--- WHAT IS BEING ASKED ---
Without the pictures, restate all of the data below word for word.

--- DATASET SECTION ---
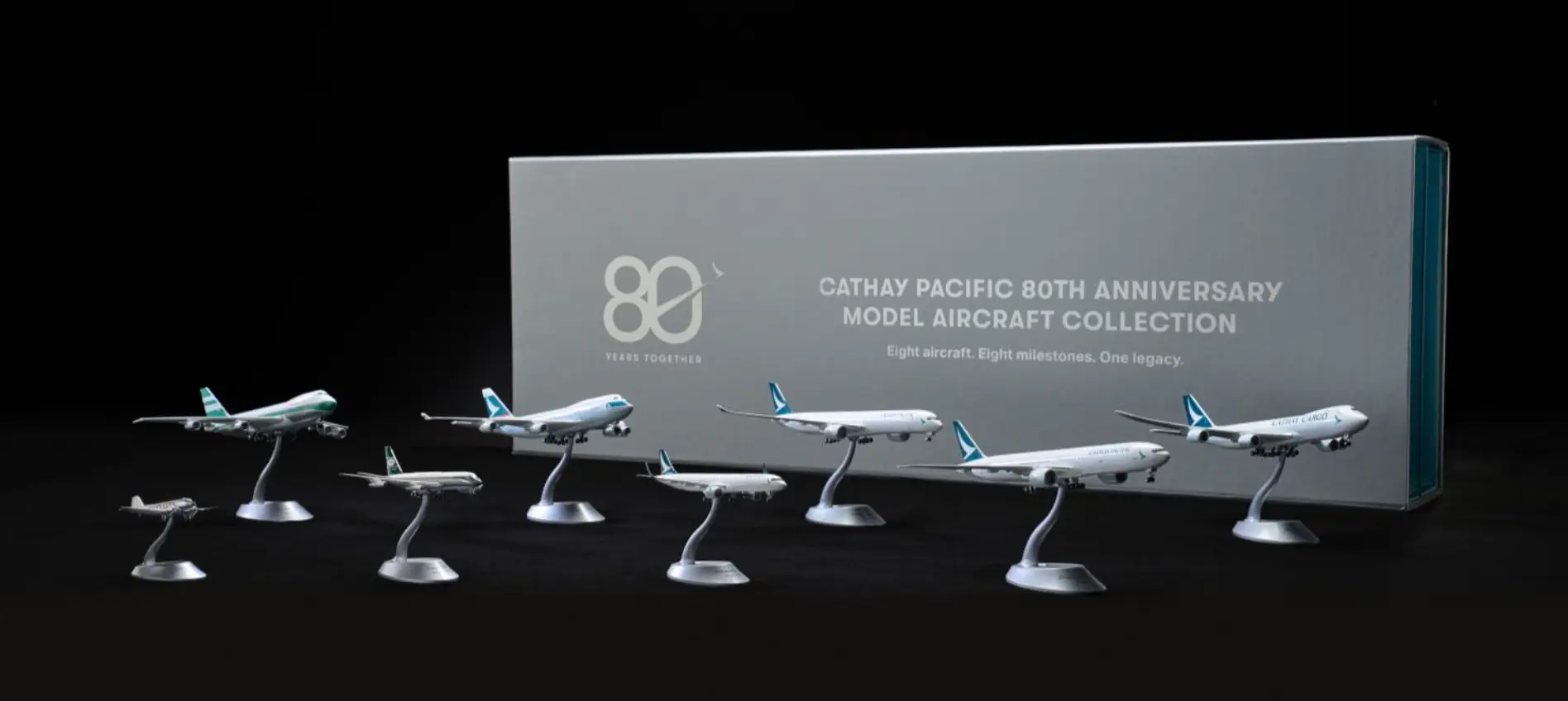 「國泰航空80周年紀念飛機模型珍藏套裝（1:400）——一套八款」。這套模型收錄八款精緻的1:400比例飛機模型，涵蓋不同年代的經典機型與標誌性塗裝。(圖：國泰航空)
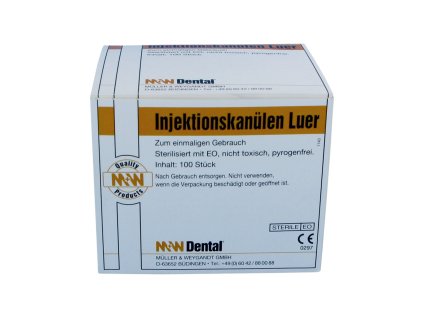 M+W Jehly inj. Luer 0,5x40mm 100ks oranžová  Sterilní jednorázové jehly pro stříkačky Luer a Luer Lock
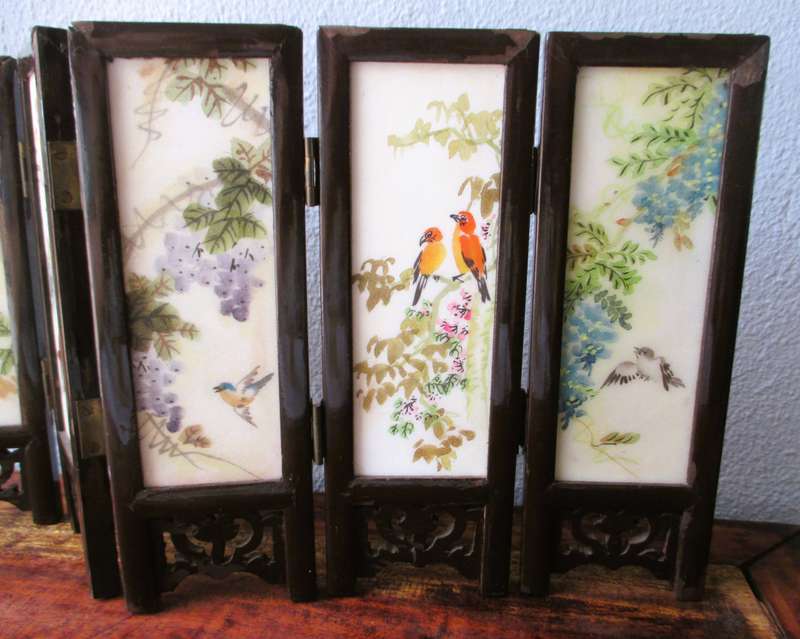 Mini Antique Chinese Double Sided Wooden Folding Table Screen. 370x170mm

--- SOLUTION FOR THIS TASK ---
 「國泰航空80周年紀念飛機模型珍藏套裝（1:400）——一套八款」。這套模型收錄八款精緻的1:400比例飛機模型，涵蓋不同年代的經典機型與標誌性塗裝。(圖：國泰航空)
 M+W Jehly inj. Luer 0,5x40mm 100ks oranžová  Sterilní jednorázové jehly pro stříkačky Luer a Luer Lock
 Mini Antique Chinese Double Sided Wooden Folding Table Screen. 370x170mm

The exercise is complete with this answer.